Documentos de Académico
Documentos de Profesional
Documentos de Cultura
La propaganda estatal es aquella procedente del Estado hacia sus ciudadanos. La finalidad de
la misma, es conseguir la aceptación o admiración de la sociedad hacia su sistema de gobierno
o gobernador. Pese a que ha estado presente desde los inicios de la política, esta ha ido variando
y adaptándose a los distintos avances tecnológicos.
Pero, ¿quién fue el primer propagandista? Según Virginia García Entero, Profesora Titular de
Arqueología de la Universidad Autónoma de Madrid, fue Octavio Augusto, sobrino de Julio
César1. A pesar de la creencia generalizada de que Julio César fue el primer emperador romano,
en realidad fue su sobrino-nieto y heredero, Octavio Augusto, quien no solo contaba con las
habilidades y herramientas propagandísticas de César, sino también con el apoyo de
Cicerón, uno de los grandes oradores de la época.

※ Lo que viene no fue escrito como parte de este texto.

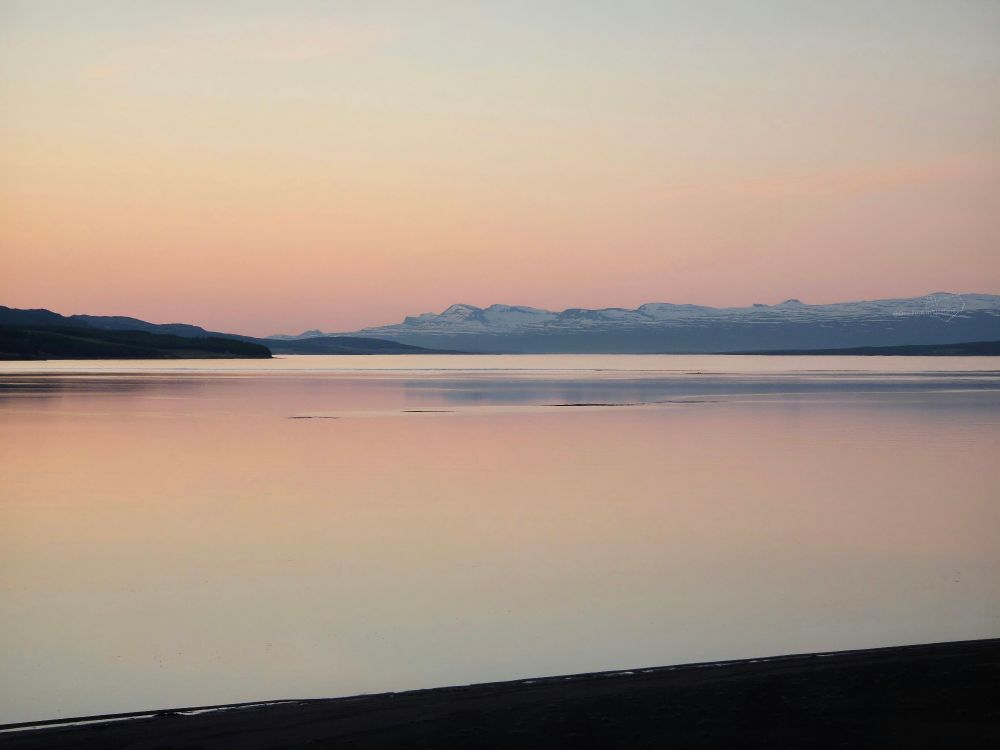 A calm lake surface with low mountains on the horizon, under a pinkish-orange sky, reflected in the water. There are one or two ripples breaking the surface, and a dark triangle at the bottom, rising from left to right, of the bridge the picture is taken from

La propaganda política romana tuvo muchas influencias de Grecia, sobre todo de la figura de
Alejandro Magno, quien ya empleaba técnicas propagandísticas en sus conquistas. Además, el
avance social dio lugar a la creación del Senado – lugar donde se debatían las cuestiones
estatales –, esto sería fundamental para el desarrollo de la comunicación propagandística, pues
el fin de estos debates era convencer, y los patricios se volvieron expertos en la materia2.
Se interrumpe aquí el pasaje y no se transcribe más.